Scraped images of sexually abused children found in AI training database

Share post:

Thousands of images of sexually abused children scraped from the internet are part of a commonly-used database used to train artificial intelligence image generators, according to a report, which warns that AI applications can use offensive photos to create realistic-looking fake child exploitation images that can be sold.

The report, released today by the Stanford University Internet Observatory (SIO), says removal of the source images is going on now because researchers reported the image URLs to the National Center for Missing and Exploited Children (NCMEC) in the U.S. and the Canadian Centre for Child Protection (C3P).

The investigation found the worrisome images in the biggest repository of images used by AI developers for training, known as LAION-5B, containing billions of images scraped from a wide array of sources, including mainstream social media websites and popular adult video sites.

According to the Associated Press, LAION, which stands for the nonprofit Large-scale Artificial Intelligence Open Network, said in a statement that it “has a zero tolerance policy for illegal content and in an abundance of caution” has taken down the datasets until the offending images can be deleted.

The SIO study of LAION-5B was primarily conducted using hashing tools such as Microsoft’s PhotoDNA, which match a fingerprint of an image to databases maintained by nonprofits that receive and process reports of online child sexual exploitation and abuse.

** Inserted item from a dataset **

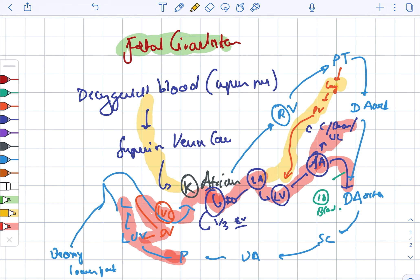The medium oxygen content includes the remaining pathway: right atrium to the right ventricle, to the pulmonary trunk, to the ductus arteriosus, to the descending aorta, to the systemic circulation, to the umbilical arteries, and to the placenta.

Researchers did not view abuse content, and matches were reported to NCMEC and confirmed by C3P where possible.

There are methods to minimize child sexual abuse material (CSAM) in datasets used to train AI models, the SIO said in a statement, but it is challenging to clean or stop the distribution of open datasets with no central authority that hosts the actual data.

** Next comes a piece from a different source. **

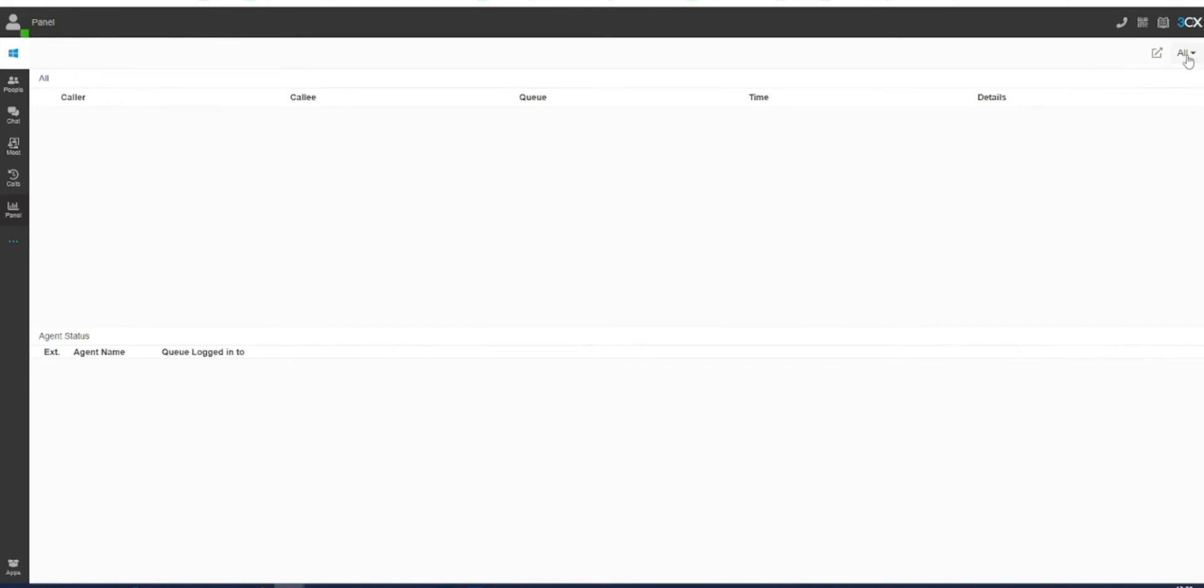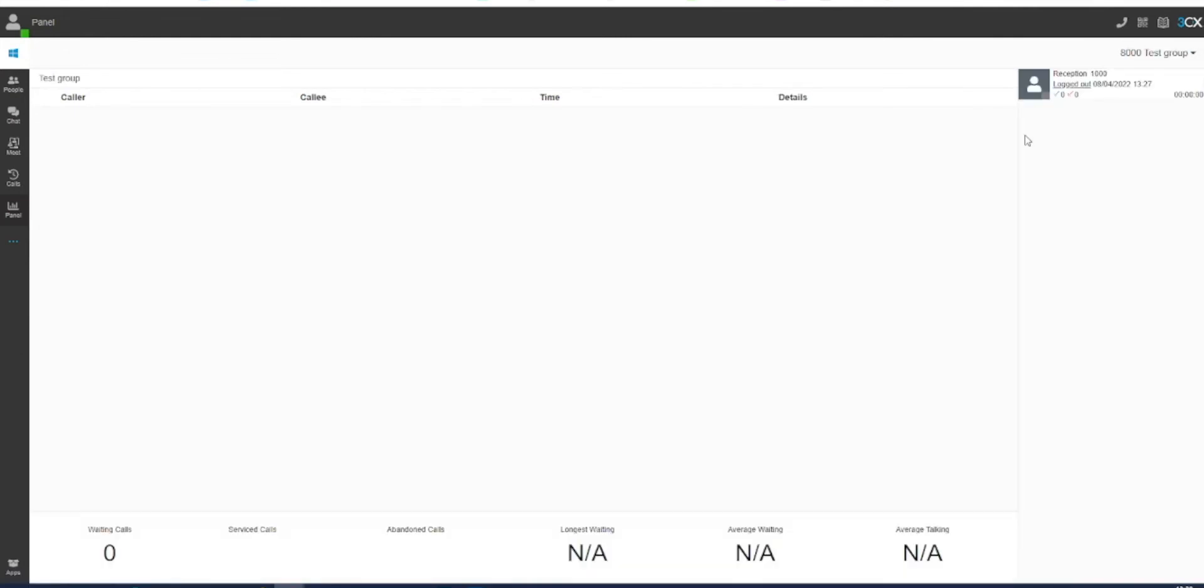in the top right-hand corner which here shows all. Select the call queue which you wish to log in or out of, and in the right-hand menu you will see the call queue name.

The report outlines safety recommendations for collecting datasets, training models, and hosting models trained on scraped datasets. Images collected in future datasets should be checked against known lists of CSAM by using detection tools such as Microsoft’s PhotoDNA or partnering with child safety organizations such as NCMEC and C3P.

The LAION‐5B dataset is derived from a broad cross‐section of the web, and has
been used to train various visual generative machine learning models. This dataset
was built by taking a snapshot of the Common Crawl5 repository, downloading
images referenced in the HTML, reading the “alt” attributes of the images, and using CLIP6
interrogation to discard images that did not sufficiently match the captions. The developers of LAION‐5B did attempt to classify whether content was sexually explicit as well as to detect some degree of underage explicit content.

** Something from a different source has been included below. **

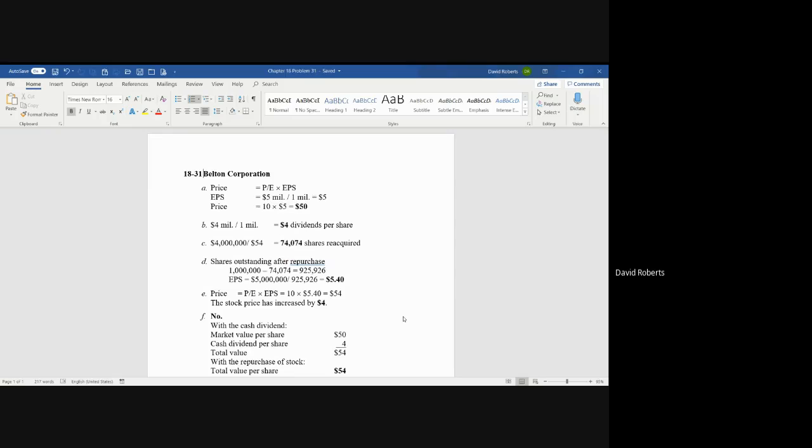So the dividends per share is $4. Now, if the corporation were to use the $4 million to repurchase shares at a premium of $54, they'd be able to acquire or reacquire just over 74,000 shares—74,074 shares.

However, the report notes, version 1.5 of one of the most popular AI image-generating models, Stable Diffusion, was also trained on a wide array of content, both explicit and otherwise. LAION datasets have also been used to train other models, says the report, such as Google’s Imagen, which was trained on a combination of internal datasets and the previous generation LAION‐400M.17.

“Notably,” the report says, “during an audit of the LAION‐400M, Imagen’s developers found
‘a wide range of inappropriate content including pornographic imagery, racist slurs, and harmful social stereotypes’, and deemed it unfit for public use.”

Despite its best efforts to find all CSAM in LAION-5B, the SIO says its work was a “significant undercount” due to the incompleteness of industry hash sets, attrition of live hosted content, lack of access to the original LAION reference image sets, and the limited accuracy of “unsafe” content classifiers.

Web-scale datasets are highly problematic for a number of reasons, even with
attempts at safety filtering, says the report. Ideally, such datasets should be restricted to research settings only, with more curated and well‐sourced datasets used for publicly distributed AI models.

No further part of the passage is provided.